PSI will create a consistent industry standard infrastructure for collection and management of conflict-relevant event data – through work on three scientific goals: common standards for sub-national geo-refenced data; machine-coding tools; and web platform for open dissemination. The result will be radically increased accuracy, speed, and cost-saving in data coding and analysis, enabling more nuanced and politically relevant knowledge production. We guarantee the PSI infrastructure to be open, transparent, and free.
PSI will establish and consolidate a lasting and fruitful relationship between leading social science research environments in Norway at UiO and PRIO. To this end, the Peace Science Infrastructure (PSI) project brings together specialists in peace science, informatics and natural language processing, and machine learning.
This collaboration ensures that the infrastructure developed is useful for applied research in the social sciences and that the tools developed are based on cutting edge research from computer science, machine learning, and data science, which will benefit the natural sciences. Political scientists, especially peace scientists, will benefit tremendously.
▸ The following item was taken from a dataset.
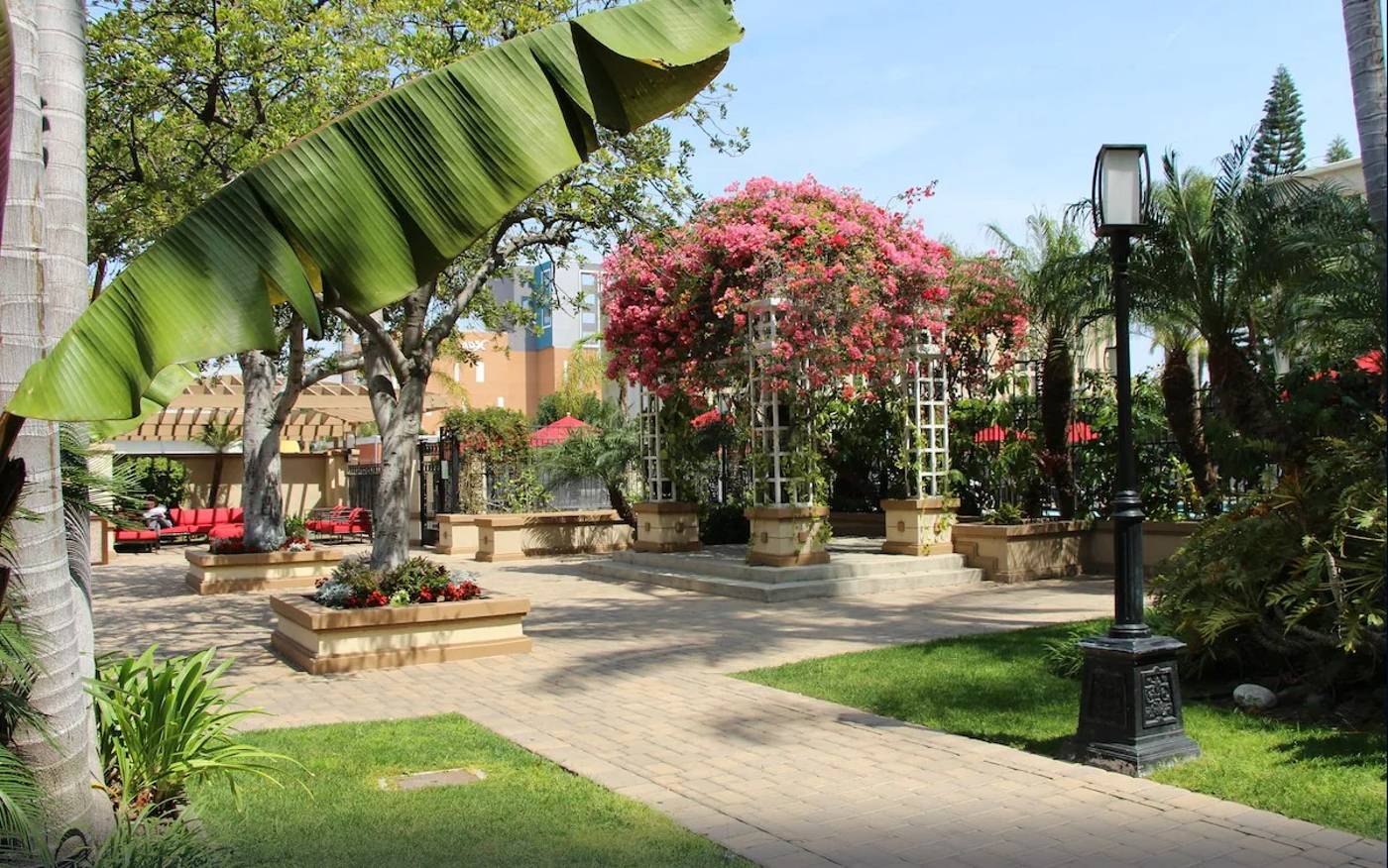 Doubletree-by-Hilton-Buena-Park-Terrace-3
The Peace Science Infrastructure (PSI) project will provide a comprehensive research infrastructure for the next generation of social science using event data, especially peace science. PSI rectifies two barriers to further scientific progress in the field. First, emerging disaggregated data projects lack a common system for actor identification and spatiotemporal data structure, resulting in inconsistent and partly incompatible datasets. Second, demands for more detailed and accurate data on a wide range of political events are increasingly incompatible with existing rigid and costly human-based systems of data coding.
PSI has three scientific goals:
(1) Develop common industry standards for structuring event data in space and time. A crucial component of this work is establishing a common ID framework for non-state actors and entities at various scales, including sub-national.
(2) Develop adaptable machine-coding tools to accurately record social and political events compatible with these entities and actors. This will serve as a critical quality-control mechanism for existing data projects; in the longer run this technology will replace costly and time-consuming human coding.
(3) Develop a web-based platform for open dissemination of codes, routines, and data, as well as research results.
Through the accomplishment of these three goals, PSI will remedy inconsistencies in extant data collection, dramatically reduce costs and increase quality in future data collection, and close the analytical gap between knowledge needs and knowledge production.
PSI will solidify PRIO's leading role in international peace and conflict research. Nationally, PSI will deepen existing ties with the University of Oslo - Political Science and Informatics. Internationally, PSI will strengthen existing ties to the to Uppsala University and SIPRI.